Une organisation internationale immensément puissante dont la plupart des gens n’a jamais entendu parler contrôle secrètement toute la source monétaire mondiale. Elle est appelée la Banque des Règlements Internationaux (ou BRI, BIS en anglais pour Bank for International Settlements) et elle est la banque centrale des banques centrales. Elle est localisée à Bâle en Suisse et possède des succursales à Hong Kong et à Mexico City. Elle est essentiellement une banque centrale du monde dont les membres ne sont pas élus. Ils ne sont donc responsables devant personne. La BRI possède une immunité totale contre toute imposition et contre les lois nationales. “Elle n’est responsable devant aucun gouvernement” (Wikipédia).

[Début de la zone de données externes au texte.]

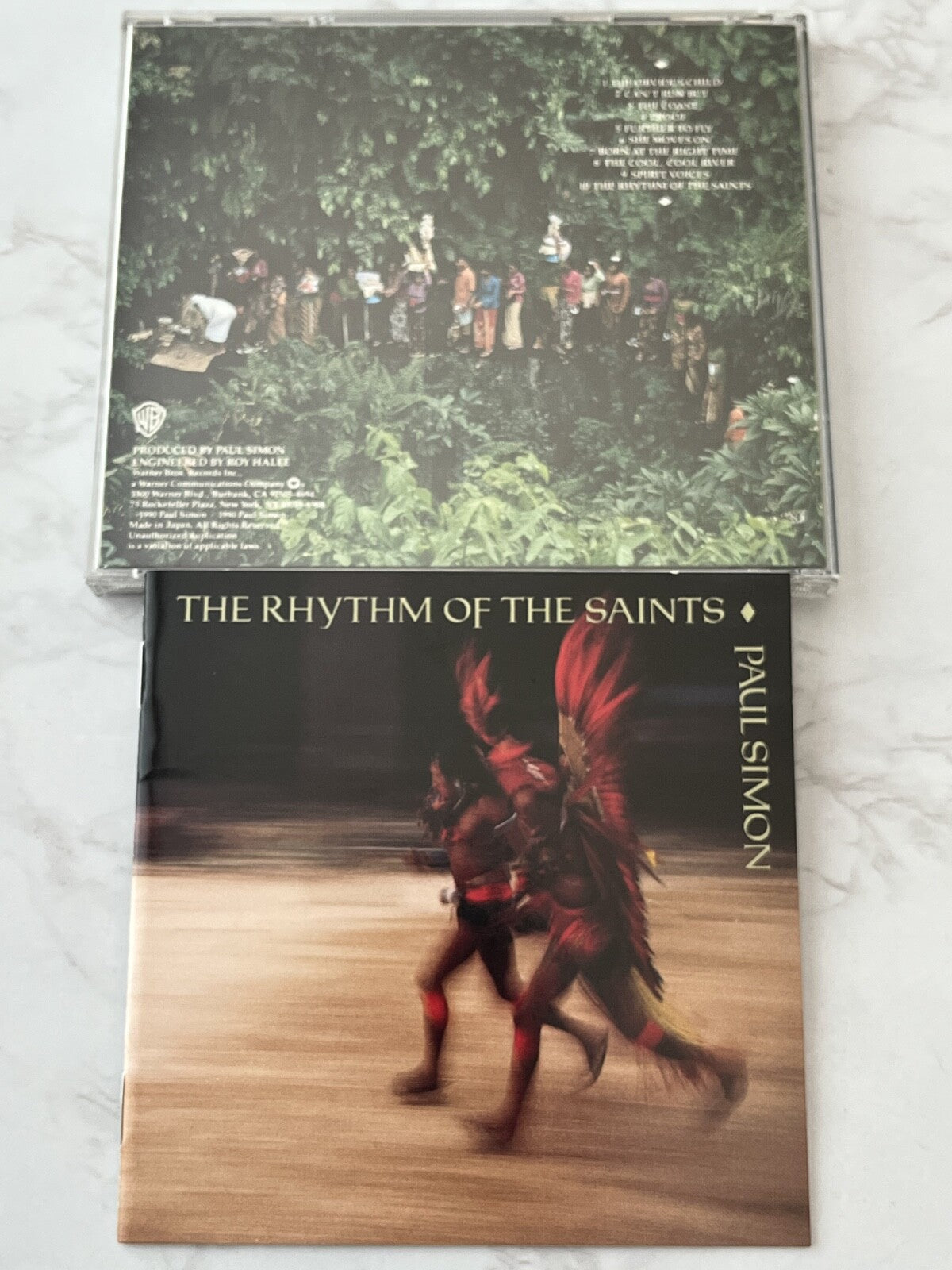 Paul Simon – The Rhythm Of Saints (1990) [JAPAN TARGET ERA]
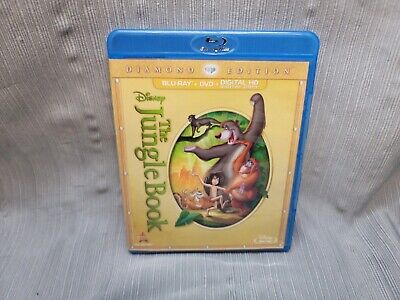 The Jungle Book [Two-Disc Diamond Edition: Blu-ray / DVD + Digital Copy]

La BRI fut employée pour blanchir l’argent des nazis durant la seconde guerre mondiale. De nos jours, elle guide et dirige le système financier global et sa planification centralisée.  Elle est composée de 58 banques centrales et elle a bien plus de pouvoir sur la performance de l’économie américaine (et au-delà, sur toute autre économie) que n’importe quel politicien. Tous les deux mois, les principaux banquiers centraux du monde se réunissent à Bâle pour une nouvelle “réunion sur l’économie mondiale”. Durant ces réunions, des décisions sont prises qui affecteront la vie de chaque personne sur la planète, sans que personne n’ait quoi que ce soit à dire ou à redire. La Banque des Règlements Internationaux fut créée par une certaine élite (mondialiste) et opère pour son bénéfice. Elle est supposée être une des pierres angulaires du système économique unique mondial émergeant. Malheureusement, seulement trop peu de personnes savent ce qu’est en réalité la BRI et encore moins de gens sont au courant des réunions sur l’économie mondiale qui se tiennent à Bâle tous les deux mois. Il est primordial d’informer sur cette organisation, sur ce qu’elle est.

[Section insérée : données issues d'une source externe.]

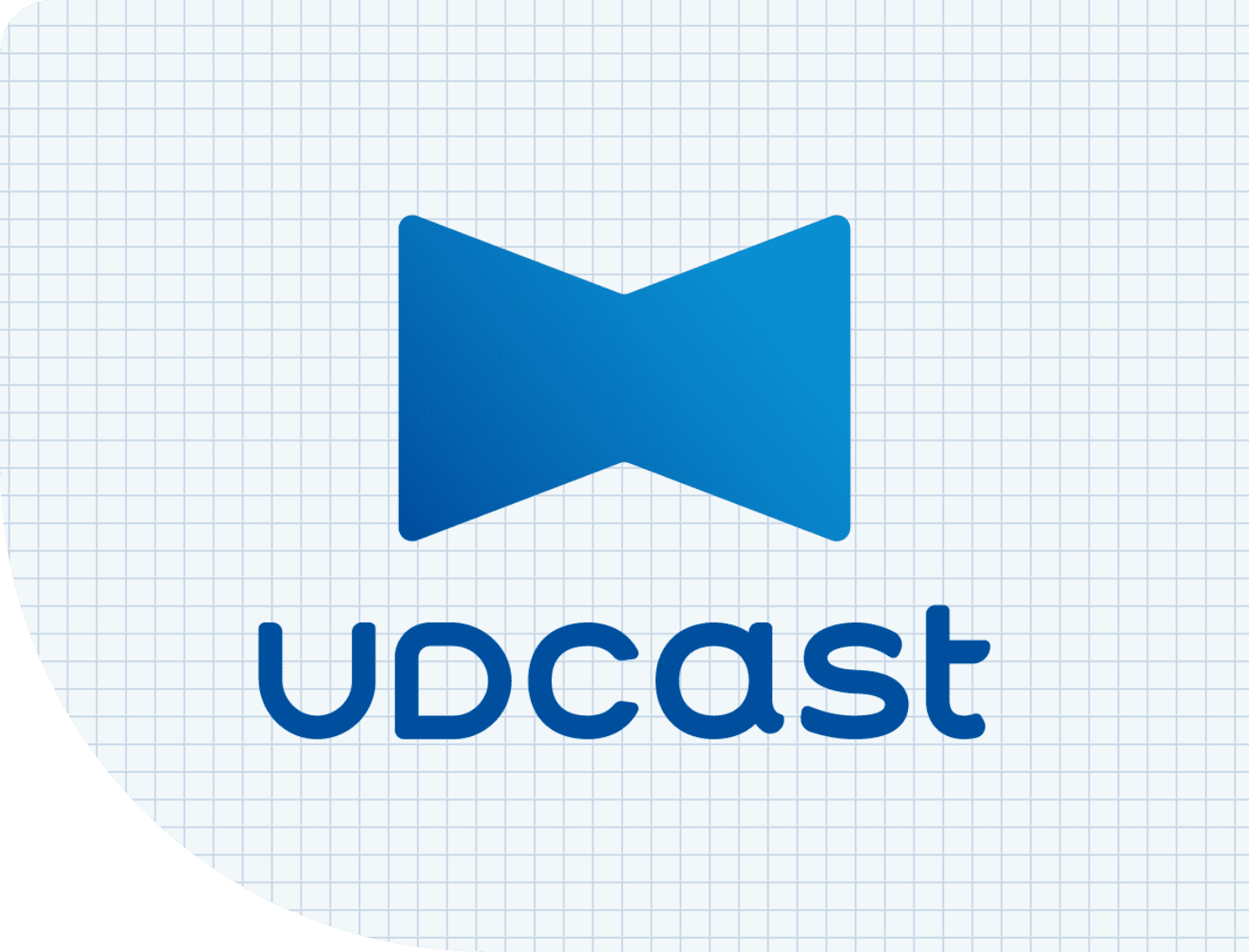 UDCastのロゴ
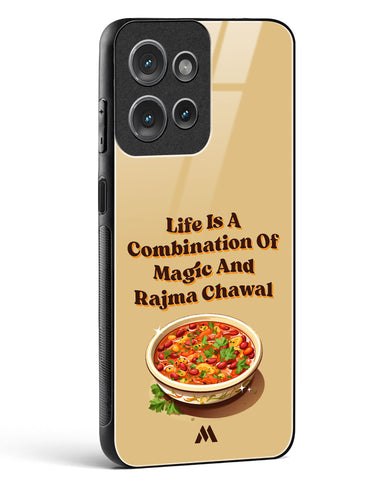 Magical Rajma Chawal Glass Case Phone Cover (Motorola)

Un article du Wall Street Journal décrivit l’organisation de ces rencontres : « Tous les deux mois, plus d’une douzaine de banquiers se rencontrent à Bâle un dimanche soir pour discuter et dîner ensemble au 18ème étage d’un bâtiment cylindrique contemplant le Rhin. Les discussions qui s’y tiennent sur l’argent, la monnaie et l’économie sont plus qu’académiques. A la table se tiennent les patrons des plus grosses banques centrales mondiales, représentant des pays qui produisent annuellement plus de 51 000 milliards de dollars en PIB, les trois-quarts de l’économie mondiale. »

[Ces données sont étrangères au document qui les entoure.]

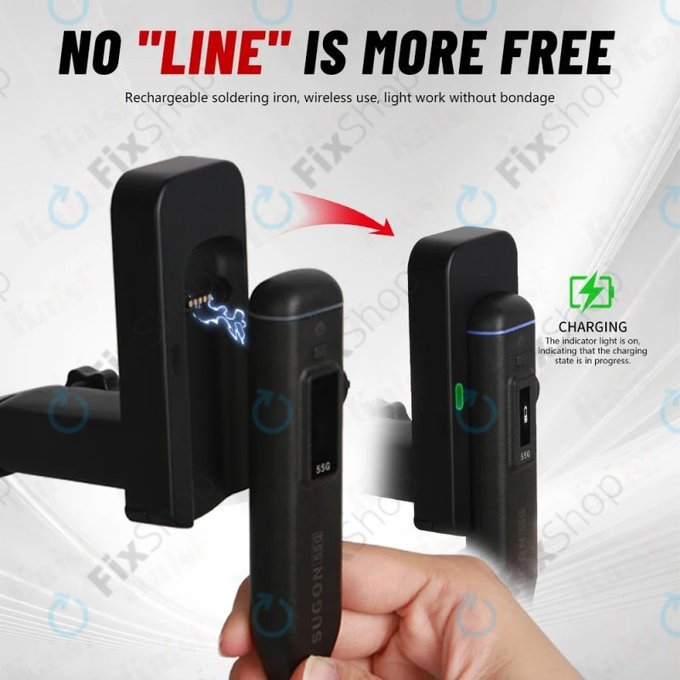 Sugon 55G - Vezeték nélküli Forrasztóállomás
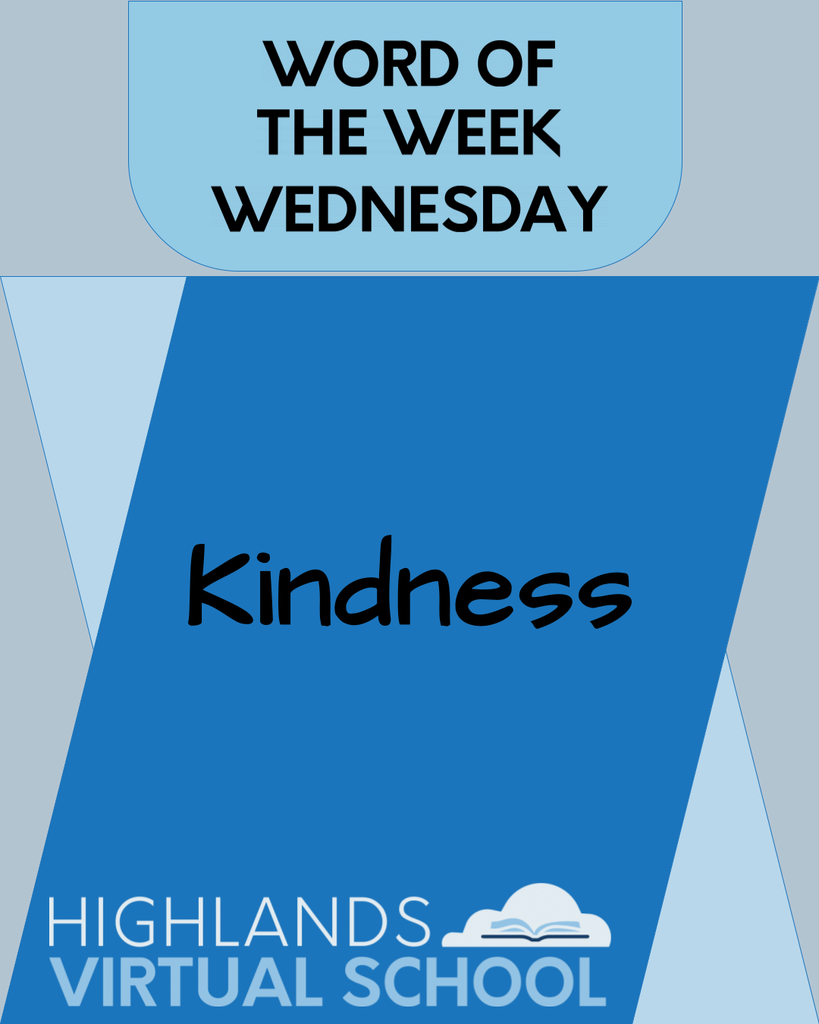 Word of the Week: Kindness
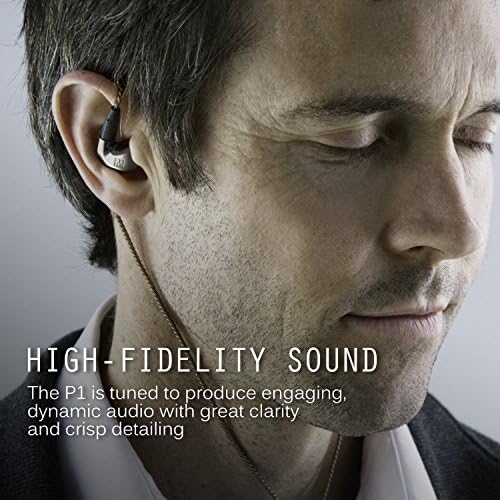 Mee Audio Pinnacle P1 High Fidelity Audiophile In-Ear Slušalice s odvojivim kablovima-EP-P1-Zn-Mee, Pinnacle P1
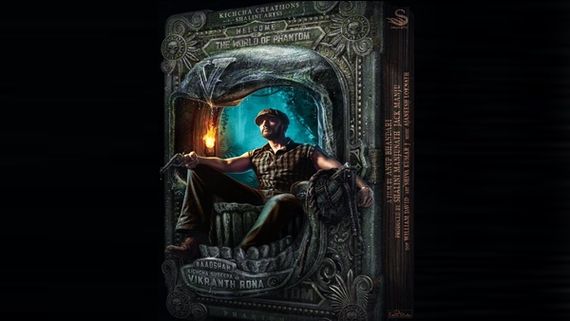 Phantom First Look: Kiccha Sudeep As Vikranth Rona Welcomes You To ‘The World Of Phantom’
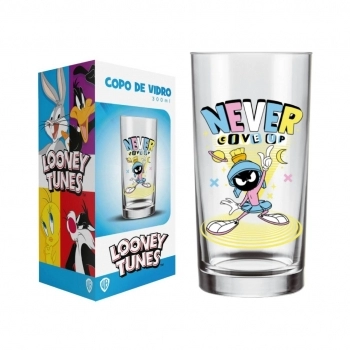 COPO CYLINDER MANCHESTER LOONEY TUNES 300 ML - MARVIN
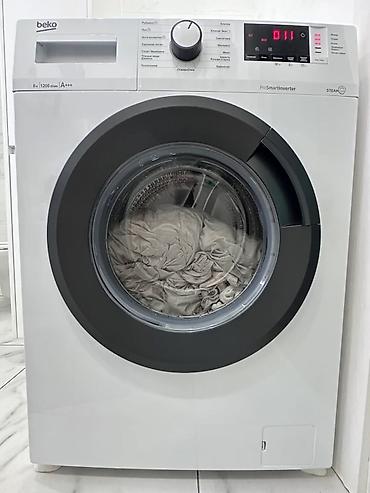 den 8: Стиральная машина Beko с фронтальной загрузкой. Основные — 1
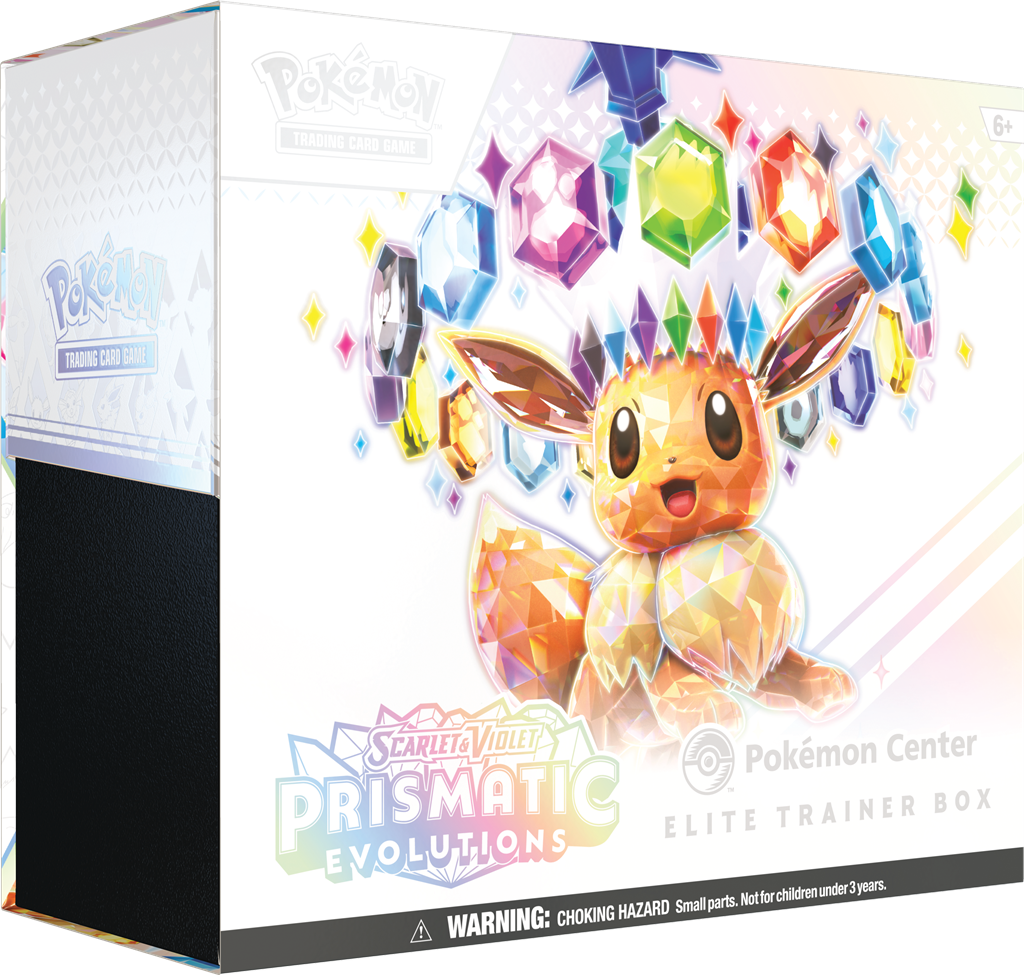 Pokemon: Prismatic Evolutions - Elite Trainer Box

Et l’article décrit « … la pièce où se tiennent ces réunions sur l’économie mondiale, qui semble sortie tout droit d’un roman… » :

« Le patron de la Banque d’Angleterre Mr King (NDR : les articles sources datent de 2012 et 2013. Le directeur actuel de la Banque d’Angleterre se nomme Mark Carney) mène les discussions du dîner dans une pièce décorée par la firme architecturale suisse Herzog & de Meuron, la même entreprise qui a créé le “nid d’oiseau”, stade olympique des JO de Pékin. Les membres ont des places désignées autour d’une table ronde qui trône au milieu d’une pièce parfumée d’orchidées blanches, encadrée de murs blancs, d’un plafond noir. Vue panoramique. »

Les banquiers centraux qui se rassemblent lors de ces réunions ne sont pas là seulement pour socialiser. Aucun membre du personnel des banques n’est admis à ces réunions et celles-ci s’effectuent dans une atmosphère de secret absolu…

D’après les habitués, les affaires sérieuses suivent les entrées, le vin et les petites discussions. Mr King demande habituellement à ses collègues de présenter la situation économique de leur pays respectif. D’autres posent des questions. Les réunions n’ont aucun transcrit, compte-rendu officiels ou officieux. Le destin de l’économie mondiale est-il donc exclusivement déterminé par un groupe de banquiers centraux non-élus, non-représentatifs et au cours de réunions secrètes dont personne n’entend jamais parler ? Pas très “démocratique”.

Voilà néanmoins la direction vers laquelle la “gouvernance mondiale” nous emmène. L’élite (NdT: auto-proclamée il va sans dire…) croit que les “grandes décisions” sont bien trop importantes pour être laissée “aux gens”. Ainsi, la vaste majorité des “institutions internationales” qui ont été établies par cette “élite”, opèrent de manière totalement indépendante du processus démocratique.

Il est bien triste de constater que tout ceci a été planifié de la sorte depuis bien longtemps.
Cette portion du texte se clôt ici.